Bruma se reunió con el Gran Hada dentro de la vela donde vivía en un habitáculo en forma de burbuja, al pie de la edificación de cera, y el hada aguardaba dentro embutida en un vestido de seda de plata y con dos alas blanquiazules a cada lado de su delicada figura. Su rostro era casi tan hermoso como el de Bruma con la que se puso a hablar de las fatalidades actuales y discutiendo no pocas soluciones prácticas.
- El mundo está igual de mal que el apetito de esa insaciable bestia –dijo el Gran Hada.
- ¿Qué podríamos hacer para salvarnos de esta calamidad? Es menos difícil de lo difícil que parece y más difícil que lo difícil de difícil que es –soltó el Gran Hada un trabalenguas destellando sus alas con el sol mañanero.
El Gran Hada le dijo con honestidad a Bruma lo complejo que era Gongrio y que lo único que lo mataría sería el acero o la luz del día y que ella desde hace un siglo no podía salir de la vela, pues si no ésta se apagaría y la joven moriría y todo sucumbiría. El Gran Hada añadió que si los vendavales de los soplidos de Gongrio llegaban hasta la vela ésta no tardaría en apagarse su fuego, provocando también otro fin. Dicho esto, no había más modos de hacer las cosas que las que el ser feérico le resumió y Bruma depositó su fe en que el capitán venciera al monstruo rotundamente.

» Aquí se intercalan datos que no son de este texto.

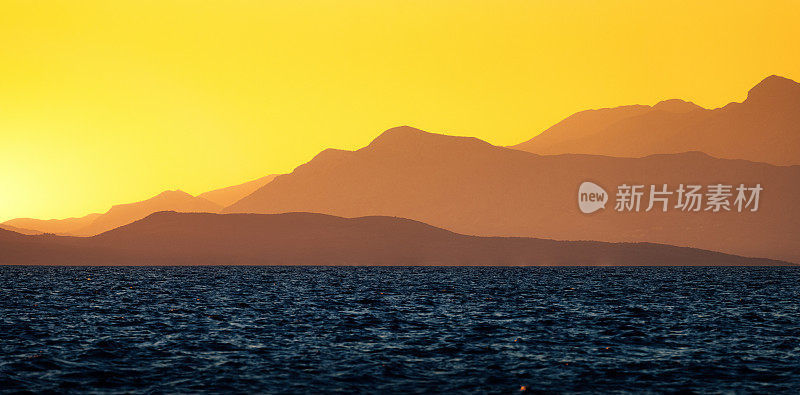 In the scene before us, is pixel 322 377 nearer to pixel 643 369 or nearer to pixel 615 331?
pixel 643 369

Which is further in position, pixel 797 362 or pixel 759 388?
pixel 797 362

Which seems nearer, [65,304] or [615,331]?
[615,331]

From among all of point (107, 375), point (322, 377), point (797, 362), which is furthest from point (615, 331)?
point (107, 375)

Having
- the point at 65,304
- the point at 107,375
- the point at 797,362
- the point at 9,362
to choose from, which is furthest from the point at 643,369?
the point at 65,304

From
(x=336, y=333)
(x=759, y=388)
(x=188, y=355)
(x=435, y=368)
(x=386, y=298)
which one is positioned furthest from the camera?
(x=386, y=298)

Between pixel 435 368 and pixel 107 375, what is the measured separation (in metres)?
15.4

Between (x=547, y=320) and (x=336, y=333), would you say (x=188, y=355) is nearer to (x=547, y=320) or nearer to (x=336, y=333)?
(x=336, y=333)

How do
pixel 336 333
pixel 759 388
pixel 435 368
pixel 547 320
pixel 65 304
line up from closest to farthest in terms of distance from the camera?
pixel 759 388
pixel 435 368
pixel 336 333
pixel 547 320
pixel 65 304

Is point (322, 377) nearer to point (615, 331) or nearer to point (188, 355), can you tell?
point (188, 355)

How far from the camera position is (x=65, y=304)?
83125 millimetres

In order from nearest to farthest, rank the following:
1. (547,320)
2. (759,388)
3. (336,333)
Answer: (759,388), (336,333), (547,320)

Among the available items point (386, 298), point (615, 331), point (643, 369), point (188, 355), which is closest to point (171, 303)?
point (386, 298)

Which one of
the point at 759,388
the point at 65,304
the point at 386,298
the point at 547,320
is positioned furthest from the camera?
the point at 386,298

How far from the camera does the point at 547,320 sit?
64.8 meters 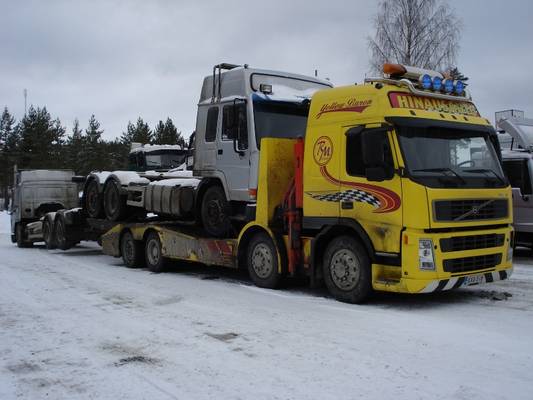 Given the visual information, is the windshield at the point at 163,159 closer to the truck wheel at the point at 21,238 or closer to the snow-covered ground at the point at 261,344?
the truck wheel at the point at 21,238

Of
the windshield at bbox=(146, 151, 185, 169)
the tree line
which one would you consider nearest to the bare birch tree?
the windshield at bbox=(146, 151, 185, 169)

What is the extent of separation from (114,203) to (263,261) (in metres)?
5.57

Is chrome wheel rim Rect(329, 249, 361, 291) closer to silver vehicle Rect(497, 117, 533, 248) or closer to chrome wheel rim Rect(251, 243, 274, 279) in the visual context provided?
chrome wheel rim Rect(251, 243, 274, 279)

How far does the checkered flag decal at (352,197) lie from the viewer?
7.10 meters

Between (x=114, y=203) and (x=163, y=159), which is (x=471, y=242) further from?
(x=163, y=159)

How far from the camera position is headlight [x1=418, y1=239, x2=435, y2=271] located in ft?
21.7

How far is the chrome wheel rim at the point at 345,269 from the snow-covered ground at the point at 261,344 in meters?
0.30

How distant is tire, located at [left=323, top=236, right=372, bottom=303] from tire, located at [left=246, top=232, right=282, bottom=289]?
1077 mm

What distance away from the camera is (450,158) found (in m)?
7.14

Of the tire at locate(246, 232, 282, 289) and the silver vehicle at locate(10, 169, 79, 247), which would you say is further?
the silver vehicle at locate(10, 169, 79, 247)

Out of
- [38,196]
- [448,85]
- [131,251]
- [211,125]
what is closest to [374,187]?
[448,85]

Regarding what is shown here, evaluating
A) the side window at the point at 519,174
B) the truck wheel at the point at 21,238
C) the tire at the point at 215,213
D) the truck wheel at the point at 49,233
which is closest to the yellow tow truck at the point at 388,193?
the tire at the point at 215,213

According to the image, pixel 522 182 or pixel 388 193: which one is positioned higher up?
pixel 522 182

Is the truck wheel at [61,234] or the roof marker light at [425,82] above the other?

Los vientos, con progresión, eran más agresivos y perdurables y había noches que eran casi incontenibles al ser de una fuerza y una violencia impensables. Alrededor de la cueva de Gongrio nunca había un alma y los príncipes que gobernaron en otros tiempos por aquellas tierras bellas y amenazantes emigraron y eran apenas contados los que se atrevían a transitar el lugar.
Estuvo Bruma, tras la tertulia que mantuvo con el Gran Hada, meses aguardando a que los pájaros le trajeran noticias del capitán de caballería y tristemente no recibió nueva alguna, no obstante. Otra mañana que salió la mujer a las colinas a tomarse otra infusión con los amigos los conejos de la otra vez y con otros invitados como un gnomo y un fauno, vieron que a lo lejos el caballero se armaba de valor guerreando contra Gongrio que habría la horrible y salivosa boca para comérselo o triturarle con los dientes.

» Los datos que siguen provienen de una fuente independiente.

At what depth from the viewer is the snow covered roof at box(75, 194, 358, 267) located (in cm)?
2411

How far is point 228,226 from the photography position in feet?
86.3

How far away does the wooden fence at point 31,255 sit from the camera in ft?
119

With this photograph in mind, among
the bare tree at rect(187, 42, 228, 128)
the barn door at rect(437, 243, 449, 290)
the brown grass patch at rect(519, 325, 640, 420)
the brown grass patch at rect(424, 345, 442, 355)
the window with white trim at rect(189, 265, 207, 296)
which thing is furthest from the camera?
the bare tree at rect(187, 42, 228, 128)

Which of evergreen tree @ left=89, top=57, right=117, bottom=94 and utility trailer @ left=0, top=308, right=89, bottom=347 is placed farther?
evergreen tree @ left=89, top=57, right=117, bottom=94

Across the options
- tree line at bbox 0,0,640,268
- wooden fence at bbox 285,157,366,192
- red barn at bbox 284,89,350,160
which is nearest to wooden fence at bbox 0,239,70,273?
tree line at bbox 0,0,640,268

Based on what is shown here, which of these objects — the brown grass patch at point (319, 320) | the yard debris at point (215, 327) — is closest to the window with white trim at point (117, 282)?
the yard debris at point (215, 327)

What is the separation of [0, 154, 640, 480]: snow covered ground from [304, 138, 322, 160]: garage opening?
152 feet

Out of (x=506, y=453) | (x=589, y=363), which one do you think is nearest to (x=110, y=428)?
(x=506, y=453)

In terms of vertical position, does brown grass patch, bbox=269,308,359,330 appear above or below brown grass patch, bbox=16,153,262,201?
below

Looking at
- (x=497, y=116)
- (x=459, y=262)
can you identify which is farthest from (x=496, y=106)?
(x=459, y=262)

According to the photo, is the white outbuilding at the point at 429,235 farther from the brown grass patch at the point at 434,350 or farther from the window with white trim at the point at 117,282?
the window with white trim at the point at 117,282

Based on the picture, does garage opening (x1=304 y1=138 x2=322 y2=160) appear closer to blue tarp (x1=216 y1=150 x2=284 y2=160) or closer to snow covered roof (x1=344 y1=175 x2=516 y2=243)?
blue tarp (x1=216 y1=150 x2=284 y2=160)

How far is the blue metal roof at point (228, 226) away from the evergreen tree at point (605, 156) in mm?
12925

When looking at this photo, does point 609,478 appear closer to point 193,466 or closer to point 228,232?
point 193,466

Desde esas colinas era posible verlo todo con claridad. Se veía la cueva a la entrada de los bosques que tenían delante. Bruma, los conejos y acompañantes fascinaron y se aterrorizaron con la sangrienta lucha que les revelaban sus ojos. Gongrio seguía dando bocados al aire y el capitán, empuñando la espada, esquivaba lo que podía y lanzaba varias estocadas si encontraba espacio.
Gongrio se ponía a soplar bestialmente y el capitán se tenía que tirar al suelo para no ser arrastrado miles de quilómetros o disgregado por los aires. No obstante, fue tanto lo que sopló el monstruo que abrumadoramente se agotó, y cuando sacó la lengua como para tomarse un respiro, el capitán hundió la espada en ella y después le atravesó un ojo con otro cuchillo que le arrojó, desangrándose Gongrio, salivando y berreando con ferocidad, se retiró acobardado hacia la oscuridad de la morada donde acabó muriendo tras varios alaridos, retorcimiento y gruñidos ensordecedores.
Dicho esto, la paz de esa forma retornó a aquellos verdes lugares y en los corazones de los pobladores renació la calma y la felicidad en el país. Bruma conoció al capitán de caballería y se casó al final al enamorarse locamente de él. Al convite fueron los conejos de las colinas, enanos, elfos y otros amigos, y el padre orejudo que con sus orejas no se perdió ni una de las palabras de la boda que celebró su hija, montó una banda de música en la celebración donde todos bailaron y lo festejaron.
El Gran Hada extendió un hechizo que aportó bienandanza a todo el mundo y desde esos días la vela destella más que nunca.